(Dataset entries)
----
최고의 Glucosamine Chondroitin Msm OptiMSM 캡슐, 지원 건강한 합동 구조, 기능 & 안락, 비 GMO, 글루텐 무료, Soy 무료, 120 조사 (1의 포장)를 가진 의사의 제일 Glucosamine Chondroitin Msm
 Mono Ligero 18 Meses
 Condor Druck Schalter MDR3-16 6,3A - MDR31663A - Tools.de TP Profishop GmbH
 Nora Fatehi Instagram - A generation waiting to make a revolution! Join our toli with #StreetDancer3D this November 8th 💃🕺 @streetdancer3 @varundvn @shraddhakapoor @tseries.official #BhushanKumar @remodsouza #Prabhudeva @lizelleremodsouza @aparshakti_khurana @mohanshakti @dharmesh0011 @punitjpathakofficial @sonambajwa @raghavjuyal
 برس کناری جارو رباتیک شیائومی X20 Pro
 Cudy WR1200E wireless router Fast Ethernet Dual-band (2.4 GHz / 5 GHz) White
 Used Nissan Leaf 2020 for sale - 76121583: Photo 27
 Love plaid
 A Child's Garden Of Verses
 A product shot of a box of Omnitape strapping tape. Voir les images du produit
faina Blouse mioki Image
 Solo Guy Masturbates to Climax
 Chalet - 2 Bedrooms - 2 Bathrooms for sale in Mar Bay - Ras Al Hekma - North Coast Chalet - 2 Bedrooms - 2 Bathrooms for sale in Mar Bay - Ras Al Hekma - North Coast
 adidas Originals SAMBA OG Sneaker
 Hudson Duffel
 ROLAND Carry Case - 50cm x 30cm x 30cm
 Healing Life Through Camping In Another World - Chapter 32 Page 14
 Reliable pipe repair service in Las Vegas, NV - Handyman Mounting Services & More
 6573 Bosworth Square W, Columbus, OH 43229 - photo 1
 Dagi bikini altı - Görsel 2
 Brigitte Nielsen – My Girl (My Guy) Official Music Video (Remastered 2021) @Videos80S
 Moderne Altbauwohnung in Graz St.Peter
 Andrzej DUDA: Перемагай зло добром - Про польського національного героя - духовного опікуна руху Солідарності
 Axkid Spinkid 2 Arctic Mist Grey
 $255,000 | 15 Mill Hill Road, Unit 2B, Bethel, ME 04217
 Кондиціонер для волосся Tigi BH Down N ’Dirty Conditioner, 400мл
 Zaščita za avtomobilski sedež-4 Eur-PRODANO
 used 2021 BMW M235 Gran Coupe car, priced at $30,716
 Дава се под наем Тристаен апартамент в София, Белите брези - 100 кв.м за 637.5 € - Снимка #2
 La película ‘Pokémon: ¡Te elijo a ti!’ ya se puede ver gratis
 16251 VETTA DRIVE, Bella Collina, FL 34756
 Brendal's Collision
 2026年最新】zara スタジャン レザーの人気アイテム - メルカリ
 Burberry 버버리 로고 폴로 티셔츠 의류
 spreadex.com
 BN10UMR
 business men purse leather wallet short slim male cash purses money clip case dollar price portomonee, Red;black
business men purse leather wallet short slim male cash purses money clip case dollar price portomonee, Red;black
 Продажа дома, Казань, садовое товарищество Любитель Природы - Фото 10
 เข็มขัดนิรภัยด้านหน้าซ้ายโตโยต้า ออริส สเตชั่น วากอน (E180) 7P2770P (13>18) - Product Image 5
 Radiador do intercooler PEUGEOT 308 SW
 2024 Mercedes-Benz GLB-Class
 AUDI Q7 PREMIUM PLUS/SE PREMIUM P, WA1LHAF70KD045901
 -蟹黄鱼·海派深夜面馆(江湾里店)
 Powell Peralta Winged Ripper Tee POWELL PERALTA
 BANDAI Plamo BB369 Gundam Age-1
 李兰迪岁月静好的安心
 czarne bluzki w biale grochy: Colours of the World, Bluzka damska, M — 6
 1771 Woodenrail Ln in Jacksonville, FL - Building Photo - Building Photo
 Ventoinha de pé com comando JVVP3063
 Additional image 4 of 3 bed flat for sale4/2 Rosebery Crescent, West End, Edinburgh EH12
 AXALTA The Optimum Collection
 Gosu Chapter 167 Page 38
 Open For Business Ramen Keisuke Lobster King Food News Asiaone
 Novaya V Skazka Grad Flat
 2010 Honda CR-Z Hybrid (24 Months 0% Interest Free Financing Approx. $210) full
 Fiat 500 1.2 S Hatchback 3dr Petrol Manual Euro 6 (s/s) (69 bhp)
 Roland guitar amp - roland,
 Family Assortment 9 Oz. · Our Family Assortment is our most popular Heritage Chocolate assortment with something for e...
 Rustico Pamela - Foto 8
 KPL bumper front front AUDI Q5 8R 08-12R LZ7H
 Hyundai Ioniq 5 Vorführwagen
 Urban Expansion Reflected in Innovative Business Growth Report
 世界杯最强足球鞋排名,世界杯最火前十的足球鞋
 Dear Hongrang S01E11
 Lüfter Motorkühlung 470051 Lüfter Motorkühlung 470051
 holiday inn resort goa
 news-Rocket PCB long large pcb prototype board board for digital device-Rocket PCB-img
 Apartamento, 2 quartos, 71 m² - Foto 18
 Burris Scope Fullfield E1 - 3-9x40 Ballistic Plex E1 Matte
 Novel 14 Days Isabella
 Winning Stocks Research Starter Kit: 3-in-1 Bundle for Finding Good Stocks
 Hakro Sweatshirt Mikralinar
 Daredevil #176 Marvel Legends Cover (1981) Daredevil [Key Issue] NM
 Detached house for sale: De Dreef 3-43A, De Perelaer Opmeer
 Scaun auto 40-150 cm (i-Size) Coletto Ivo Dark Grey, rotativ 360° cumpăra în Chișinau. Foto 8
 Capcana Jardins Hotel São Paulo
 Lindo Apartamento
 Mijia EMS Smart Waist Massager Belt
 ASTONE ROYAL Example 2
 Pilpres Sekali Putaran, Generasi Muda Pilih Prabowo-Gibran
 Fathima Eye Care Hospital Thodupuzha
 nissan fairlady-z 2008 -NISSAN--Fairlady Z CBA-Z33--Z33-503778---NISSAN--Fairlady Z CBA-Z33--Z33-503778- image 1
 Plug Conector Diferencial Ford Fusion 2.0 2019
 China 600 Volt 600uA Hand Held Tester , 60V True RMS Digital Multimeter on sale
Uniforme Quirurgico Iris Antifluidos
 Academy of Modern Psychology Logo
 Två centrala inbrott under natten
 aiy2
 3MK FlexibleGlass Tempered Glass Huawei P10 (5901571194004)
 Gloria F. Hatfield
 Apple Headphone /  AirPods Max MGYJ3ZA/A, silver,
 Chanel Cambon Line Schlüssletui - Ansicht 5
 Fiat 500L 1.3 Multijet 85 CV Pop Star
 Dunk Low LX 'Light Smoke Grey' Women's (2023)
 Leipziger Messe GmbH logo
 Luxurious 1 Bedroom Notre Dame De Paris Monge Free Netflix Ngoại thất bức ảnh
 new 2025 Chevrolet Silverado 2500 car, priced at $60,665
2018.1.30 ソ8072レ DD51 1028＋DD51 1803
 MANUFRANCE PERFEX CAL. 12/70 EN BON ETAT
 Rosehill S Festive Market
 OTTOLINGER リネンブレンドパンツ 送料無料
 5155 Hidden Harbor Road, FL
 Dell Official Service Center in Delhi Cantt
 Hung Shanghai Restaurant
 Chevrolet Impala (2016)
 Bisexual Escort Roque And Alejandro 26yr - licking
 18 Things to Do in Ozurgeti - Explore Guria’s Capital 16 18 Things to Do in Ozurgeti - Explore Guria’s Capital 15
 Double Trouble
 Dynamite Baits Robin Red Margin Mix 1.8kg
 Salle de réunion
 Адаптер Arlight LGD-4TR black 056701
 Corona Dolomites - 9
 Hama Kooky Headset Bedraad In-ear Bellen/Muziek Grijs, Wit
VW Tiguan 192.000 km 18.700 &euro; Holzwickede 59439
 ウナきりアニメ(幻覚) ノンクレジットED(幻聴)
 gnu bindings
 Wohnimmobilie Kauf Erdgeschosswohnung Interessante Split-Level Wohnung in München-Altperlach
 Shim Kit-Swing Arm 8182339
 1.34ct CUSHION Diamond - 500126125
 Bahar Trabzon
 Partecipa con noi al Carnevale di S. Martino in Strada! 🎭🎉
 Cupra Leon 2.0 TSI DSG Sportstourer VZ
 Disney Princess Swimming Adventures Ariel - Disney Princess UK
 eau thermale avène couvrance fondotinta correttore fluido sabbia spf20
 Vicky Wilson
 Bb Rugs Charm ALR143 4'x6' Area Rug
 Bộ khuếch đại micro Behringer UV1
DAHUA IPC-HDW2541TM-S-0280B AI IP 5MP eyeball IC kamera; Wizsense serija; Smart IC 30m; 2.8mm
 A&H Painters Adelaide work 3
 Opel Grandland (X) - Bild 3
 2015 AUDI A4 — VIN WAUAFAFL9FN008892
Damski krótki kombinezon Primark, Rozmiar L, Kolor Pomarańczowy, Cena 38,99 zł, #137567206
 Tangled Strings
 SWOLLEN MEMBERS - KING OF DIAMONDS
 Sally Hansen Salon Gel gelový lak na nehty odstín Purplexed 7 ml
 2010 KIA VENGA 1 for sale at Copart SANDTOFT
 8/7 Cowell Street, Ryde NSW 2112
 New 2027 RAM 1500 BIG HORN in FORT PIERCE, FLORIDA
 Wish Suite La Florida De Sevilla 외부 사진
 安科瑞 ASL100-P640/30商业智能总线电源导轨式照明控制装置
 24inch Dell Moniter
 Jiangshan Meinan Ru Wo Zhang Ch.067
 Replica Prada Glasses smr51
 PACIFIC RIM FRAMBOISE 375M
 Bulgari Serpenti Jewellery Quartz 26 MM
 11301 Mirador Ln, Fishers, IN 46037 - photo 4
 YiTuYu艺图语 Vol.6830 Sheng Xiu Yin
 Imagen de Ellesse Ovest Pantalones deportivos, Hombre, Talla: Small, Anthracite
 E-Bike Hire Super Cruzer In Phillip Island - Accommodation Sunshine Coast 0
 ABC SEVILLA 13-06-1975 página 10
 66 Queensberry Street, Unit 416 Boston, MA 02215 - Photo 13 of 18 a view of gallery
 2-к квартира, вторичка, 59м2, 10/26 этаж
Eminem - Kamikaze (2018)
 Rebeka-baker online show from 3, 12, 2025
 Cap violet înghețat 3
----
* [What to do] Give back the entries above exactly as they are, from their first line through the line that contains "Condor Druck Schalter", both included, with nothing else.

* [Response for this exercise]
최고의 Glucosamine Chondroitin Msm OptiMSM 캡슐, 지원 건강한 합동 구조, 기능 & 안락, 비 GMO, 글루텐 무료, Soy 무료, 120 조사 (1의 포장)를 가진 의사의 제일 Glucosamine Chondroitin Msm
 Mono Ligero 18 Meses
 Condor Druck Schalter MDR3-16 6,3A - MDR31663A - Tools.de TP Profishop GmbH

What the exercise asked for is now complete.